A triple gene mutant of BoHV-1 administered intranasally is significantly more efficacious than a BoHV-1 glycoprotein E-deleted virus against a virulent BoHV-1 challenge

Shafiqul I. Chowdhury, Department of Pathobiological Sciences, School of Veterinary Medicine, Louisiana State University, Baton Rouge, LA 70803, United States. Electronic address: chowdh@lsu.edu.
Huiyong Wei, Department of Pathobiological Sciences, School of Veterinary Medicine, Louisiana State University, Baton Rouge, LA 70803, United States.
Marcello Weiss, Department of Pathobiological Sciences, School of Veterinary Medicine, Louisiana State University, Baton Rouge, LA 70803, United States.
Katrin Pannhorst, Department of Pathobiological Sciences, School of Veterinary Medicine, Louisiana State University, Baton Rouge, LA 70803, United States.
Daniel B. Paulsen, Department of Pathobiological Sciences, School of Veterinary Medicine, Louisiana State University, Baton Rouge, LA 70803, United States.

Abstract

Bovine herpesvirus 1 (BoHV-1) causes respiratory infections and abortions in cattle, and is an important component of bovine respiratory disease complex, which causes a considerable economic loss worldwide.
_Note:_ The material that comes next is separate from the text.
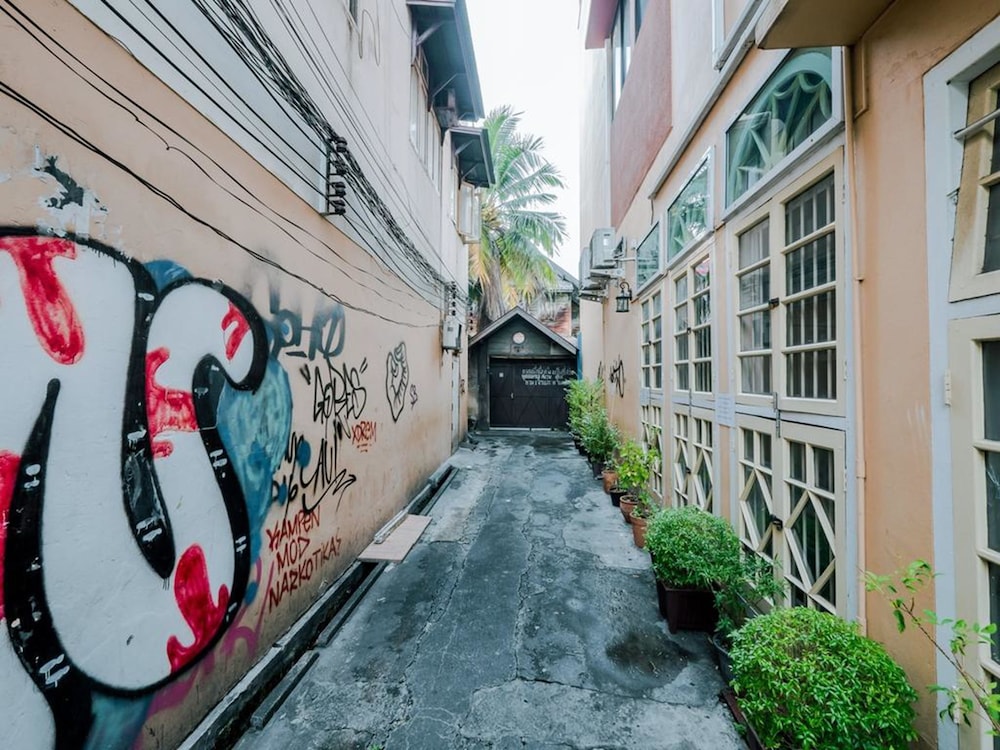 Zeds Hostel Bangkok 65/66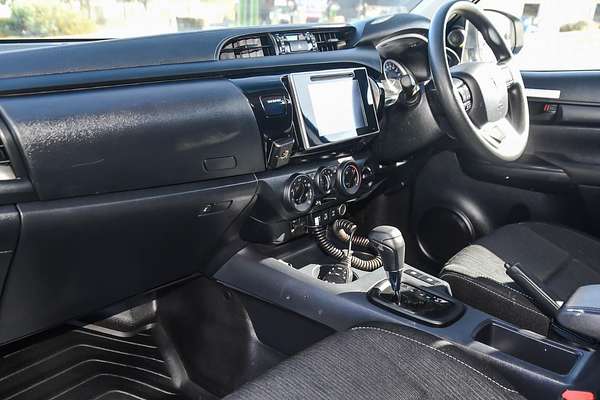 2018 Toyota Hilux SR GUN126R 4X4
Several efforts have been made to produce safer and more effective vaccines. One of these vaccines is a glycoprotein E (gE)-deleted marker vaccine which is currently mandated for use in EU countries. In the present study, we have constructed a three-gene-mutated BoHV-1 vaccine virus (UL49.5 luminal domain residues 30-32 and cytoplasmic tail residues 80-96 deleted, gE cytoplasmic tail- and entire Us9-deleted) and compared its protective vaccine efficacy in calves after intranasal vaccination with that of a gE-deleted virus. Following vaccination, both the triple mutant and gE-deleted vaccine virus replicated well in the nasal epithelium of the calves. The vaccinated calves did not show any clinical signs. Four weeks post-vaccination, the animals were challenged intranasally with a virulent BoHV-1 wild-type virus. Based on clinical signs, both the gE-deleted and triple mutant group were protected equally against the virulent BoHV-1 challenge. However, based on the quantity and duration of nasal viral shedding, virus neutralizing antibody and cellular immune responses, the triple mutant virus vaccine induced a significantly better protective immune response than the gE-deleted virus vaccine. Notably, after the virulent BoHV-1 challenge, the triple mutant virus vaccinated group cleared the challenge virus three days earlier than the BoHV-1 gE-deleted virus vaccinated group.